- [What is needed]
Without the pictures, output the records below word for word.

- [Data provided]
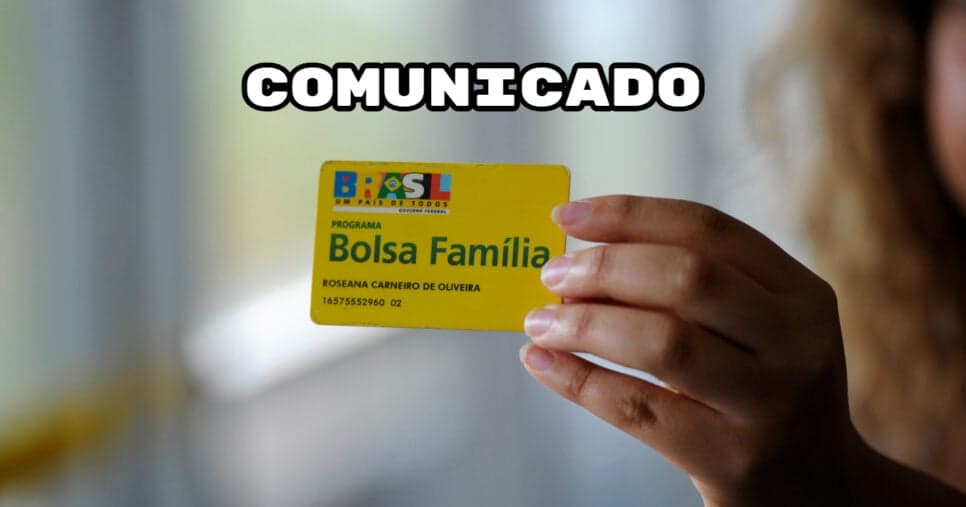 Calendário oficial Bolsa Família: Descubra quando e quanto receberá em junho
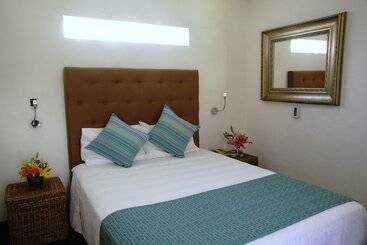 هتل آپارتمان Los Milagros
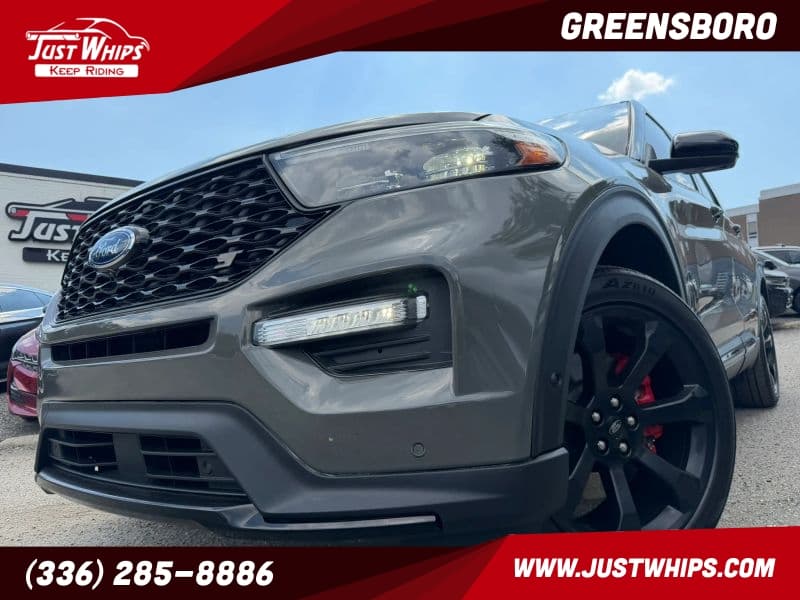 2021 FORD EXPLORER ST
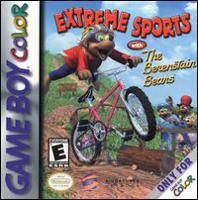 Extreme Sports with the Berenstain Bears - GameBoy Color | Anubis Games and Hobby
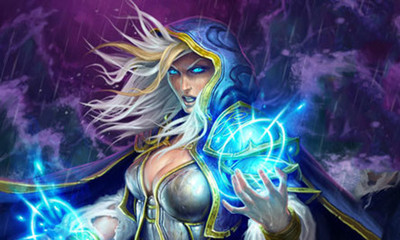 《爐石傳說(shuō)》貧瘠之地的錘煉法師新卡匯總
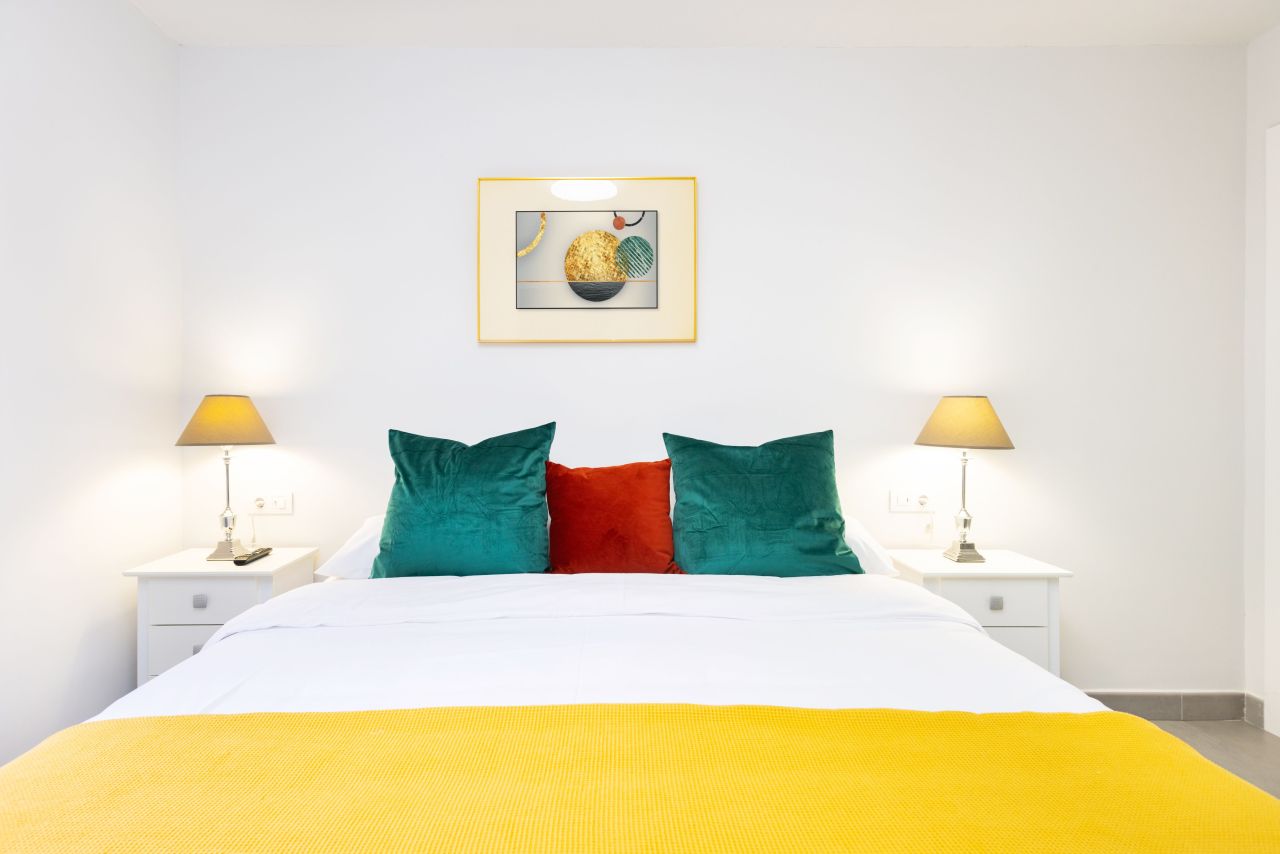 Апартаменты в Пуэрто-де-ла-Крус, Испания, 45 м² - фото 8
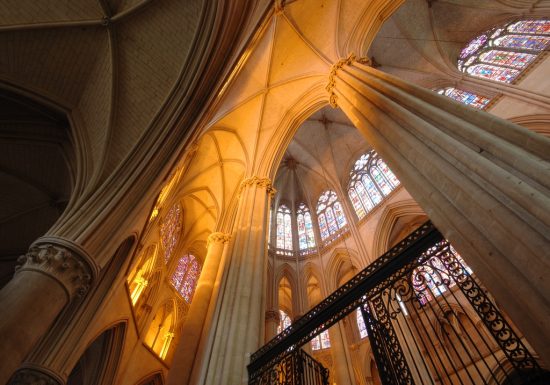 Cathédrale Saint-Julien – Le Mans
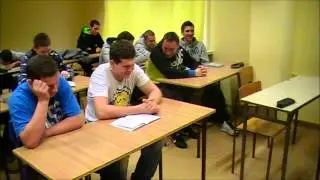 Studniówka 2014 ZSZ SKOCZÓW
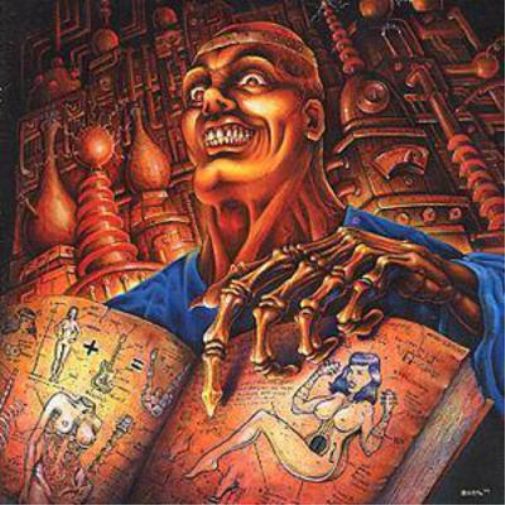 Five Fingers Of Dr. X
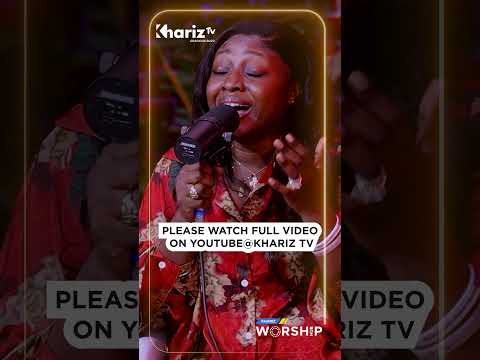 I WILL WORSHYIP HIM FOREVER Khariztv Christianmusic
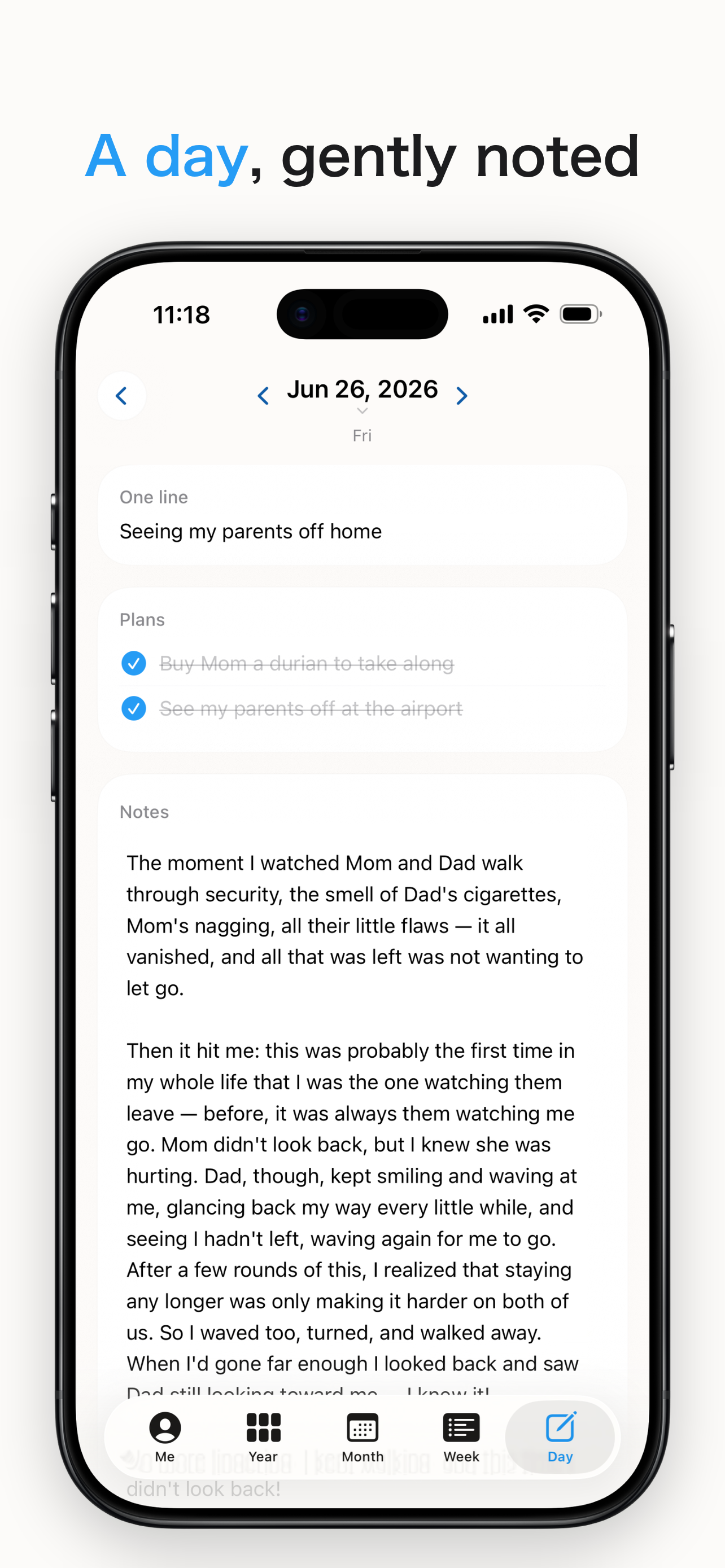 MeMemo screenshot 5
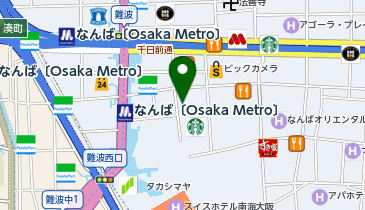 ダイコクドラッグ 大えびす店の地図画像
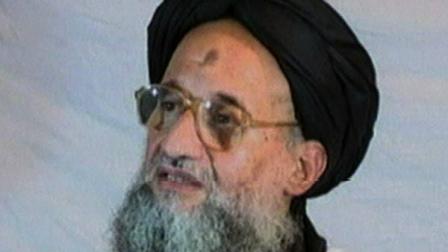 Al-Qaidas deputy leader, Ayman al-Zawahri (AP)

- [Task result]
 Calendário oficial Bolsa Família: Descubra quando e quanto receberá em junho
 هتل آپارتمان Los Milagros
 2021 FORD EXPLORER ST
 Extreme Sports with the Berenstain Bears - GameBoy Color | Anubis Games and Hobby
 《爐石傳說(shuō)》貧瘠之地的錘煉法師新卡匯總
 Апартаменты в Пуэрто-де-ла-Крус, Испания, 45 м² - фото 8
 Cathédrale Saint-Julien – Le Mans
 Studniówka 2014 ZSZ SKOCZÓW
 Five Fingers Of Dr. X
 I WILL WORSHYIP HIM FOREVER Khariztv Christianmusic
 MeMemo screenshot 5
 ダイコクドラッグ 大えびす店の地図画像
 Al-Qaidas deputy leader, Ayman al-Zawahri (AP)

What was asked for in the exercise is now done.